▸ **Assignment**
Without including any picture, copy the entries that follow word for word.

Captioned web images:
· · · · · · ·

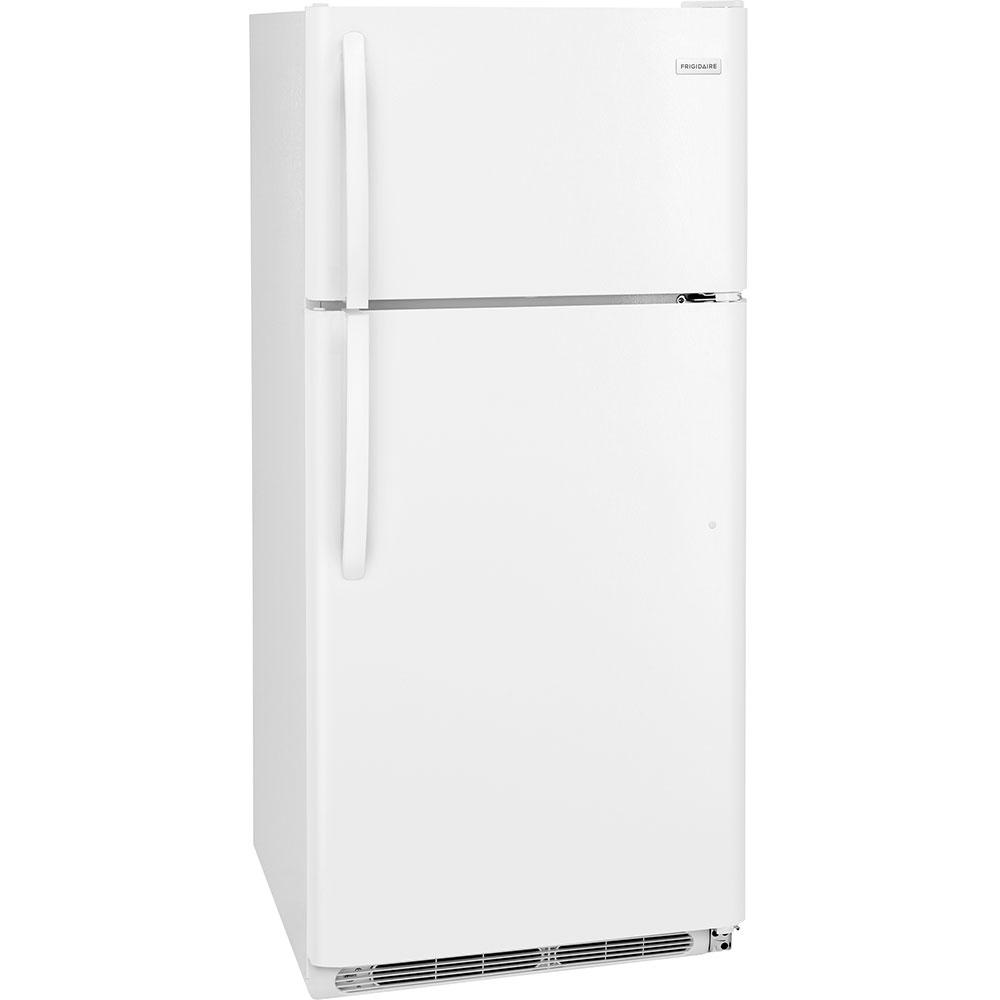 Frigidaire 18 Cu Ft Top Freezer Refrigerator In White Fftr1814tw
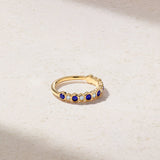 Mark Henry Bubbly 18K Yellow Gold Sapphire and Diamond Ring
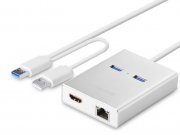 هاب چند منظوره یوگرین Ugreen 40255 USB 3.0 Multi Display Adapter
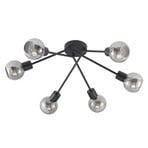 Lioma 6 Plafondlamp Black - Lindby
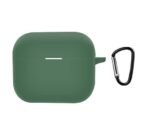 Pouch for Noise Air Buds+ / Noise Air Buds Plus (colour Green) Shockproof Dustproof 360 Protective Soft Silicone Case Cover with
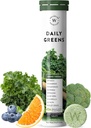 WELLEING NUTRITION Daily Greens ® Naturlig sitron og lime smak ® 15 tabletter 63g (2,22Ounce)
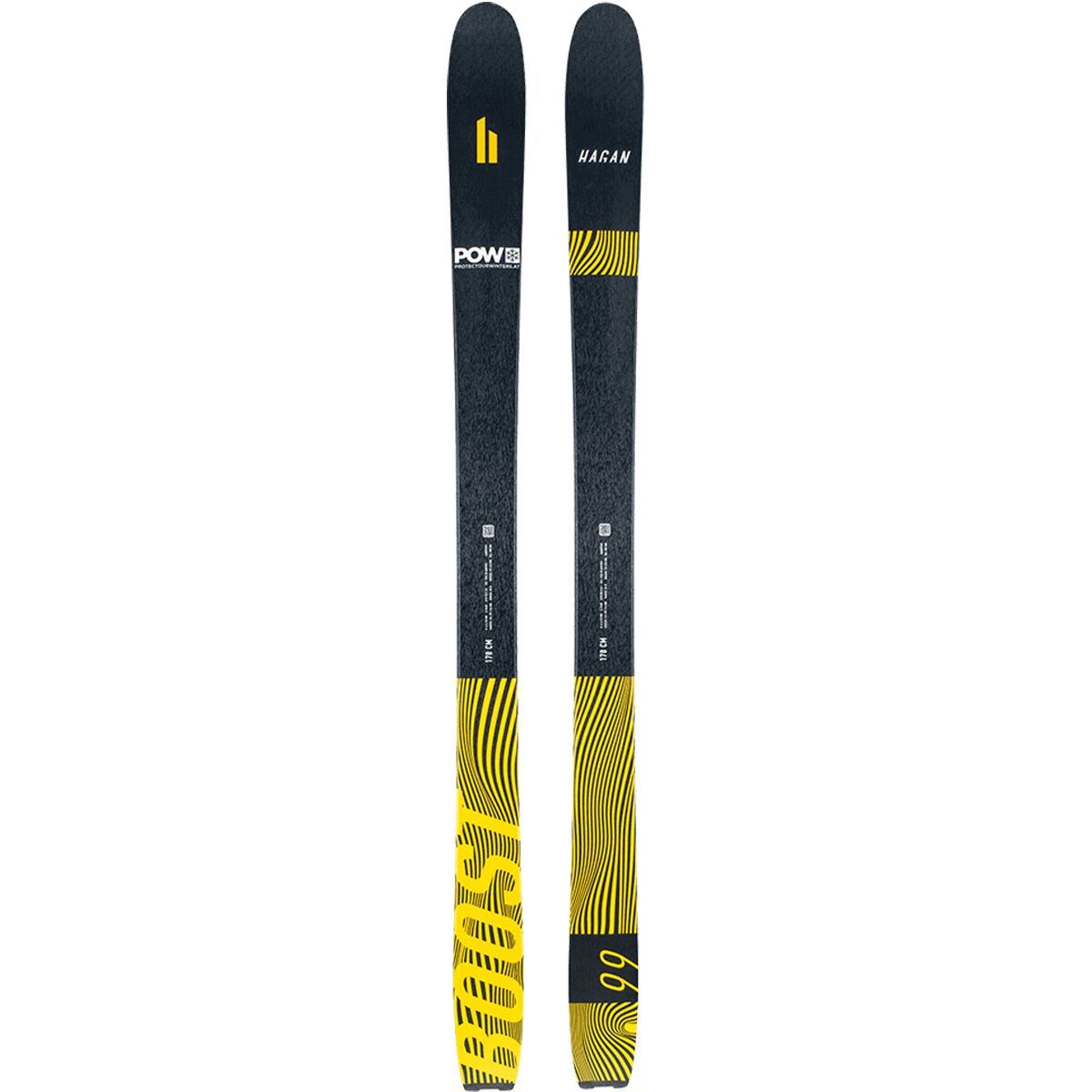 Image of Hagan Ski Mountaineering Boost 99 X Pow Ski - 2026 Multi, 178cm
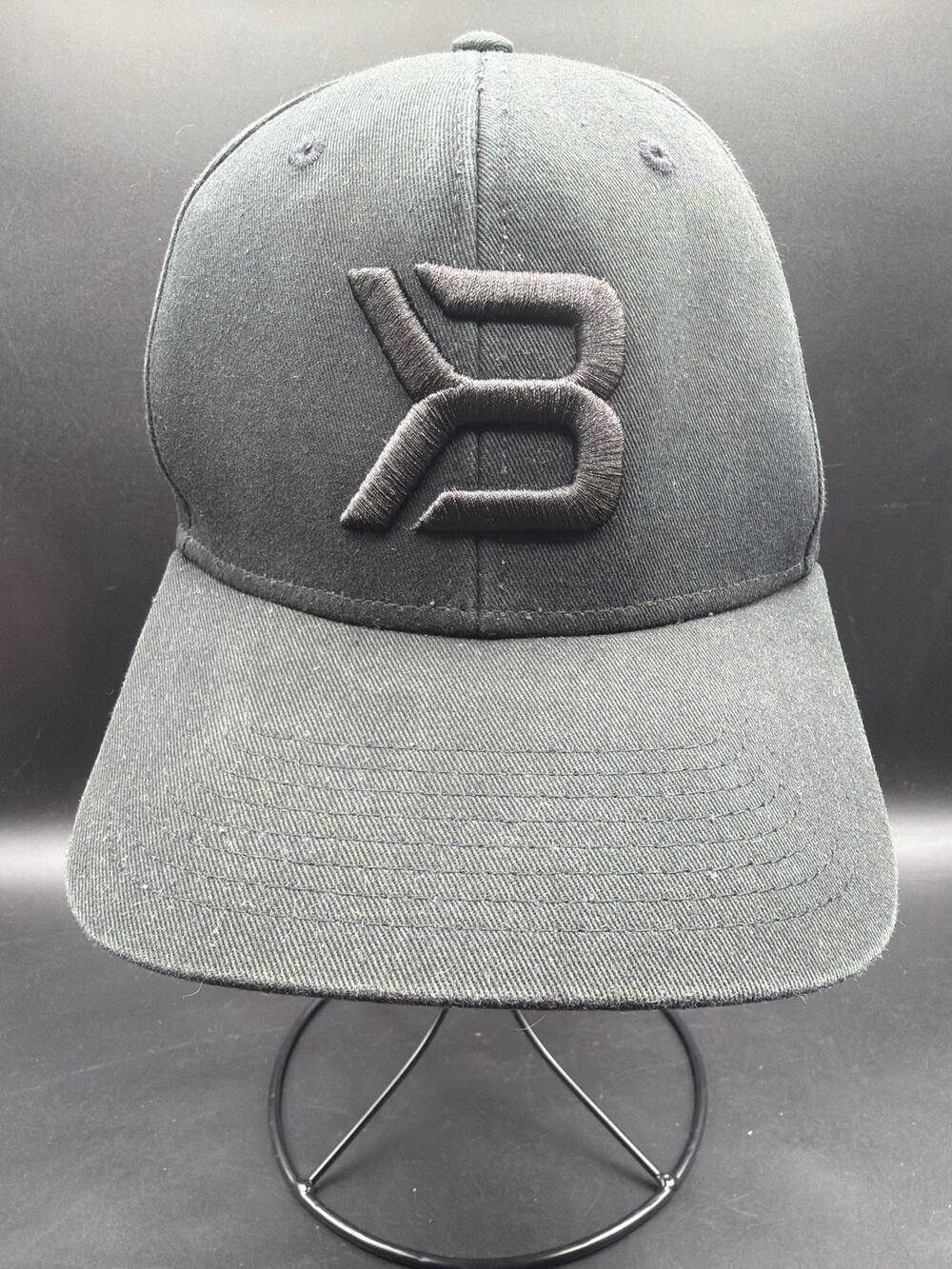 Better Bodies Twill Flat Bill Snapback Hat Black Embroidered Logo Adjustable Cap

· · · · · · ·

▸ **Answer box**
 Frigidaire 18 Cu Ft Top Freezer Refrigerator In White Fftr1814tw
 Mark Henry Bubbly 18K Yellow Gold Sapphire and Diamond Ring
 هاب چند منظوره یوگرین Ugreen 40255 USB 3.0 Multi Display Adapter
 Lioma 6 Plafondlamp Black - Lindby
 Pouch for Noise Air Buds+ / Noise Air Buds Plus (colour Green) Shockproof Dustproof 360 Protective Soft Silicone Case Cover with
 WELLEING NUTRITION Daily Greens ® Naturlig sitron og lime smak ® 15 tabletter 63g (2,22Ounce)
 Image of Hagan Ski Mountaineering Boost 99 X Pow Ski - 2026 Multi, 178cm
 Better Bodies Twill Flat Bill Snapback Hat Black Embroidered Logo Adjustable Cap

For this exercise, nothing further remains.